Maillard croit qu'il suffira de tempérer « l'ardeur des croyants » et plaide idéalement pour « la reconstitution de conditions de la vie en commun », « une reconstruction du sens collectif que revêt le monde professionnel » dans « la révolution numérique qui permet de travailler comme on le souhaite, où on le décide et quand on le désire »

Loin de cette conclusion enchanteresse de sociologue idéaliste il nous faut revenir aux réalités économiques du capitalisme. Depuis des décennies, la part du travail (traitements et salaires) a diminué dans le revenu national de tous les pays de l'OCDE, sans que cela implique une dégradation du niveau de vie des travailleurs qualifiés ; quoique le paupérisation touche de plein fouet les prolétaires non qualifiés... Face à la concurrence des pays (émergés, l'INDE va ravir la 5e place à la France l'an prochain) à bas coût de main d'oeuvre, l'Etat s'est désengagé du secteur marchand. Les privatisations ont permis des profits faramineux. Le secteur privé permet toutes les dérégulations salariales et d'employabilité, et réduit à zéro le co-pouvoir syndical. La politique des bras ouverts aux migrants ficelés idéologiquement par la religion de la soumission est tout à fait conforme à cette mutation gigantesque et misérable du développement du travail précaire, sous payé, pour, en effet, produire à bas coûts et sans risque de grèves. Il est prouvé que là où des salles de prière ont été accordées les grèves se font rares ou inexistantes ; singulière postérité des grèves « pour la dignité » de Poissy en 1983. Vivent les migrations et l'islam clament tous les collabos du capitalisme « internationaliste » comme le super révolutionnaire Benoît Hamon, complètement en phase avec le capitalisme concurrentiel français4.

Le monde du travail est dans l'enfer, et, en attendant qu'il fasse éclater tous les particularismes, on peut toujours lire cette fameuse sentence collée au mur dans les entreprises pendant les trente glorieuses :

« Le bon dieu se pencha sur ma feuille de salaire. Et il pleura ».

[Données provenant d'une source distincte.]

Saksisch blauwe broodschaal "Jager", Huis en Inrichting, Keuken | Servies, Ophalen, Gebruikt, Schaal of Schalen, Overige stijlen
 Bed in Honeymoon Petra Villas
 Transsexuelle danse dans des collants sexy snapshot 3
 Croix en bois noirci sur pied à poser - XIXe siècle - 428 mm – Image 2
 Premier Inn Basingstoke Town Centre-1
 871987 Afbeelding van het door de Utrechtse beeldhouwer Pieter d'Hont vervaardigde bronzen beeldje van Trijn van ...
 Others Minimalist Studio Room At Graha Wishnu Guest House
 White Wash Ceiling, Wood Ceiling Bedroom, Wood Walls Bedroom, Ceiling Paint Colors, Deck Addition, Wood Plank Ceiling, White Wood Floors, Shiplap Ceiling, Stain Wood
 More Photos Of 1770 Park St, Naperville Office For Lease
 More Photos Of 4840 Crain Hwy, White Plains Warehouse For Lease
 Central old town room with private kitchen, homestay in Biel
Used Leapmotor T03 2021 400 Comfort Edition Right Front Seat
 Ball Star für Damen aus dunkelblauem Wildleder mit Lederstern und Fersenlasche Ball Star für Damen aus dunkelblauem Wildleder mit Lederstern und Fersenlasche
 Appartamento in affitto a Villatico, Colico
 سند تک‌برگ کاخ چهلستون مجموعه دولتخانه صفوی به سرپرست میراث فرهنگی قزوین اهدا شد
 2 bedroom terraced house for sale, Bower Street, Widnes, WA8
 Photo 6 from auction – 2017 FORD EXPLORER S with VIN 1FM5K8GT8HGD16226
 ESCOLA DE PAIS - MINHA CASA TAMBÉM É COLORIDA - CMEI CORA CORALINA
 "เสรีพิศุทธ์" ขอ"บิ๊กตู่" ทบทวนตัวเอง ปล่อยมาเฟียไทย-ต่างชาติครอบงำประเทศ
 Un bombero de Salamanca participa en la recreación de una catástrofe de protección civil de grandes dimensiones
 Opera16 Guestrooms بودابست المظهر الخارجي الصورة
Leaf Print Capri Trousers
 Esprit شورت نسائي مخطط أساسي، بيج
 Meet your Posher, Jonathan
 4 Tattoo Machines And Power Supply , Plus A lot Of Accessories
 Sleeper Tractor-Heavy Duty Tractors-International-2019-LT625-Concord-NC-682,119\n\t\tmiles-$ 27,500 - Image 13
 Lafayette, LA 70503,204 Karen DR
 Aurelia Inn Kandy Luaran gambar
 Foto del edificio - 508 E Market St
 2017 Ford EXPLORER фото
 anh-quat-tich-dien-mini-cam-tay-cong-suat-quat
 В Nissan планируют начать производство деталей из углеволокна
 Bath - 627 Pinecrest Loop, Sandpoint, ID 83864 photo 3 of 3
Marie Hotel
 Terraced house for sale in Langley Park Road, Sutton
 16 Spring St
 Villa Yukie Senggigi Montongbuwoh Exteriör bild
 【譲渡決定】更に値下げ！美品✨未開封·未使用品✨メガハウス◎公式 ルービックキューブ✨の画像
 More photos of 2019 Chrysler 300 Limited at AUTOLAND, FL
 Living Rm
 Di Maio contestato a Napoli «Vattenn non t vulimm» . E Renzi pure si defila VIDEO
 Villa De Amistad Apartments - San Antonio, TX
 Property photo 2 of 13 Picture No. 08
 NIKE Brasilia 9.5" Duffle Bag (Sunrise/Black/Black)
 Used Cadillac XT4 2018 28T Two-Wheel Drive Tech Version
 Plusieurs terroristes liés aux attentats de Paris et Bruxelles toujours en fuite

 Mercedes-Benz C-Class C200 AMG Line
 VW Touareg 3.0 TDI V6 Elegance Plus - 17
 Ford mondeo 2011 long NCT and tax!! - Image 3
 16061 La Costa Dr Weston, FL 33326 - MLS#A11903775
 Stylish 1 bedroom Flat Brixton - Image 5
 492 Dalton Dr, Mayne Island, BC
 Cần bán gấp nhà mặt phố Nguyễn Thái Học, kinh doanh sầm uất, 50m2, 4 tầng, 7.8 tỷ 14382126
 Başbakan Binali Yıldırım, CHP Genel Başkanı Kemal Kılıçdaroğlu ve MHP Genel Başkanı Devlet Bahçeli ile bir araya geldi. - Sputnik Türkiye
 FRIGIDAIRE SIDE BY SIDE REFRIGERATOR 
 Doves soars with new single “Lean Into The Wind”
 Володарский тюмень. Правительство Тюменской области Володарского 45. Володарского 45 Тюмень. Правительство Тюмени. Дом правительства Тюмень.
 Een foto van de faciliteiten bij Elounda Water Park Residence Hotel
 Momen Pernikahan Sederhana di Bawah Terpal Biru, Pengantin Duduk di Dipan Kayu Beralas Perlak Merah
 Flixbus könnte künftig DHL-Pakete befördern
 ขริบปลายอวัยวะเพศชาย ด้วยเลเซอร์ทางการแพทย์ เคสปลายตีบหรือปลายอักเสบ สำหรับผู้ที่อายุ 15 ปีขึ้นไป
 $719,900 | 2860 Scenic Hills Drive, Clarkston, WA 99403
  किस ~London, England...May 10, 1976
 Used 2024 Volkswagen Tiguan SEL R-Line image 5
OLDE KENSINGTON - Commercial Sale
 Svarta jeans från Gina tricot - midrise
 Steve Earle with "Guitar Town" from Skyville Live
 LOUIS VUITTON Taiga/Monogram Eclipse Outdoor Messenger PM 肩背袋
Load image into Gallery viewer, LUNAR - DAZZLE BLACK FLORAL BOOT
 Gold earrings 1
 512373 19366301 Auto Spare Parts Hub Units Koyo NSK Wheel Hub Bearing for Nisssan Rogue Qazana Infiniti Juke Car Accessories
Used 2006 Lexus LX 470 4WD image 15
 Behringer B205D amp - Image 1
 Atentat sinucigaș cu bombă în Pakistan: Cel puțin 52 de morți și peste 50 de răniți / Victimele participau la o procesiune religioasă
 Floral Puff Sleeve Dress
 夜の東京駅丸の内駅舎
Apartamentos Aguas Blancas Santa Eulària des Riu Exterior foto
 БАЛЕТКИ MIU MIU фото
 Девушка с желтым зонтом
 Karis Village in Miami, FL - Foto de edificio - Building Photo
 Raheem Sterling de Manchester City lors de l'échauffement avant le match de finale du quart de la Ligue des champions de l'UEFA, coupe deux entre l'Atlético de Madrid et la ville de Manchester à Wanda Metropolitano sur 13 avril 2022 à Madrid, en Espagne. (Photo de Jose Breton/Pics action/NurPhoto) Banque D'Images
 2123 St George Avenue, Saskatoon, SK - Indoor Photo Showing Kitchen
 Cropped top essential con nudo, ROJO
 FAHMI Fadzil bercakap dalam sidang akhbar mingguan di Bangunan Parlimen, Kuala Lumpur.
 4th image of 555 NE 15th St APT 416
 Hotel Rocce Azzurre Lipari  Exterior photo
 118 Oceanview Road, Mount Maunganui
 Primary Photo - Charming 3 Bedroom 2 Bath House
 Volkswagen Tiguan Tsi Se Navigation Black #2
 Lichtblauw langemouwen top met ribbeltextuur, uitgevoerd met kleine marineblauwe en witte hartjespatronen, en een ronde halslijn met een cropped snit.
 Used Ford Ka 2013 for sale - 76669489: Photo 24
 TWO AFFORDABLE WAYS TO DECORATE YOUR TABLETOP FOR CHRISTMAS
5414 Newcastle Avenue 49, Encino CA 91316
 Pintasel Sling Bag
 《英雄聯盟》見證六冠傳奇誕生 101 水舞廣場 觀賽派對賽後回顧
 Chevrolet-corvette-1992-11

Parodions enfin en l'actualisant le Manifeste de 1848 :

« L'ancien mode d'exploitation nationalisé ou corporatif de l'industrie ne suffisait plus aux besoins artificiels qui croissaient sans cesse à mesure que s'ouvraient de nouveaux marchés émergents. La mondialisation prit sa place. La bourgeoisie bancaire et industrielle supplanta la machine à écrire et le téléphone filiaire par la transmission informatique; la division du travail entre les différentes corporations céda la place à la division religieuse du travail au sein de la boite même. Mais la crise s'agrandissait sans cesse : le chômage croissait toujours et ni Jésus ni Mohammed ne se manifestaient. La religion en entreprise, à son tour, devint insuffisante. Alors, l'insurrection et la révolution mirent fin à la crise existentielle. Le communisme supplanta le règne du capitalisme; la bourgeoisie totalitaire céda la place aux prolétaires universels, aux femmes libérées, aux enfants du monde émancipé ».
1
2Maillard p.142.
3Ibid p.143.
4Lire : http://www.lefigaro.fr/vox/societe/2017/12/26/31003-20171226ARTFIG00197-elisabeth-levy-en-matiere-d-immigration-macron-va-bien-plus-loin-que-ses-predecesseurs.php . Le pape appelle à ouvrir grand les bras aux migrants, mais ses délégués tiennent un tout autre langage sur le terrain. J'ai été vérifier à la messe de minuit de l'Eglise Saint Eloi à Paris, l'officiant a déclaré qu'il fallait les aider à se développer « chez eux ». Nuance. Mais les curés n'ont jamais été très forts en économie.